Papa pide pasar de la lógica del egoísmo a la hospitalidad

Asunción, 12 Jul 15 (Notimex).- El Papa Francisco instó hoy a los cristianos a pasar de la lógica del egoísmo, la clausura, la lucha, la división y la superioridad a la lógica de la vida, de la gratuidad, del amor.

Durante el sermón de una misa multitudinaria que celebró en el campo grande Ña Guazu, a las afueras de la capital paraguaya, el pontífice aclaró que “el cristiano es aquel que ha aprendido a hospedar, a alojar”.

Recordó que Jesús envió a sus apóstoles a vivir la hospitalidad, porque les ordenó permanecer donde les dieran alojamiento y a aprender una de las características fundamentales de la comunidad creyente.

“Jesús no los envía como poderosos, como dueños, jefes, cargados de leyes, normas; por el contrario, les muestra que el camino del cristiano es simplemente transformar el corazón”, indicó.

“Aprender a vivir de otra manera, con otra ley, bajo otra norma. Es pasar de la lógica del egoísmo, de la clausura, de la lucha, de la división, de la superioridad, a la lógica de la vida, de la gratuidad, del amor. De la lógica del dominio, del aplastar, manipular, a la lógica del acoger, recibir, cuidar”, agregó.

Estableció que dos lógicas están en juego, dos maneras de afrontar la vida y la misión.

“¿Cuántas veces pensamos la misión en base a proyectos o programas. Cuantas veces imaginamos la evangelización en torno a miles de estrategias, tácticas, maniobras, artimañas, buscando que las personas se conviertan en base a nuestros argumentos?”, insistió.

“Hoy el señor nos los dice muy claramente: en la lógica del evangelio no se convence con los argumentos, con las estrategias, con las tácticas, sino aprendiendo a alojar”, apuntó.

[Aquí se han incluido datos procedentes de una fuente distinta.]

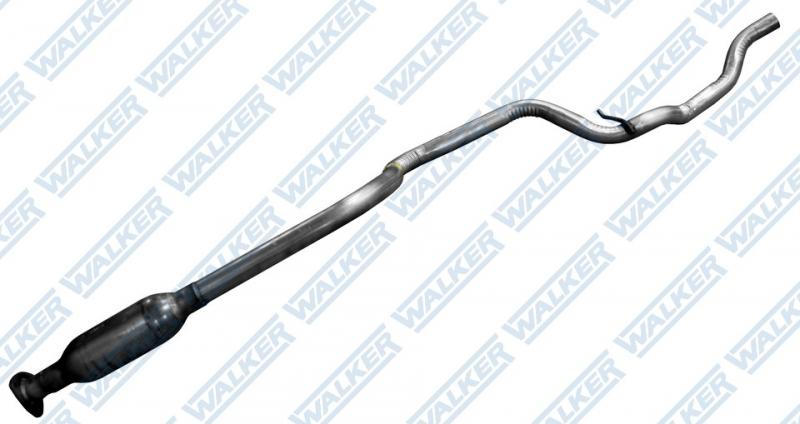 1999 Pontiac Grand Am Exhaust Resonator and Pipe Assembly Walker Exhaust 47784 image 1 of 1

Según cifras preliminares, en la celebración participó aproximadamente un millón de personas, entre las cuales destacaron los presidentes de Paraguay, Horacio Cartes y de Argentina, Cristina Fernández de Kirchner.

De hecho, al final de la celebración la mandataria saludó en un breve encuentro al Papa junto con Cartes y posaron para la foto, delante de un monumental retablo construido magistralmente por el artista paraguayo Delfín Roque Ruiz.

Las imágenes de San Francisco y San Ignacio, así como el techo del retablo fueron construidos con millones de granos de maíz y frijol, cáscaras de coco y otras legumbres, que fueron aportados por agricultores del país.

También el ideograma de los jesuitas, orden a la que perteneció el Papa, fue realizado con la antigua técnica artesanal enseñada justamente por los sacerdotes jesuitas a los indígenas paraguayos en la época de las reducciones.

En su mensaje, el pontífice subrayó que la Iglesia es una “madre de corazón abierto” y es la “casa de la hospitalidad” que sabe acoger, recibir, especialmente a quien tiene necesidad de mayor cuidado, que está en mayor dificultad.

Esta hospitalidad, insistió, debe ser con el hambriento, el sediento, el forastero, el desnudo, el enfermo, el preso, el leproso, el paralítico.

“Hospitalidad con el que no piensa como nosotros, con el que no tiene fe o la ha perdido. Hospitalidad con el perseguido, con el desempleado. Hospitalidad con las culturas diferentes, de las cuales esta tierra es tan rica. Hospitalidad con el pecador”, ponderó.

Constató que no se puede obligar a nadie a recibir y a hospedar, pero consideró también cierto que nadie puede pedir a los cristianos que no reciban y no abracen la vida de sus hermanos que han perdido la esperanza y el gusto por vivir.

“Qué lindo es imaginarnos nuestras parroquias, comunidades, capillas, lugares donde están los cristianos, como verdaderas centros de encuentro entre nosotros y con Dios”, estableció.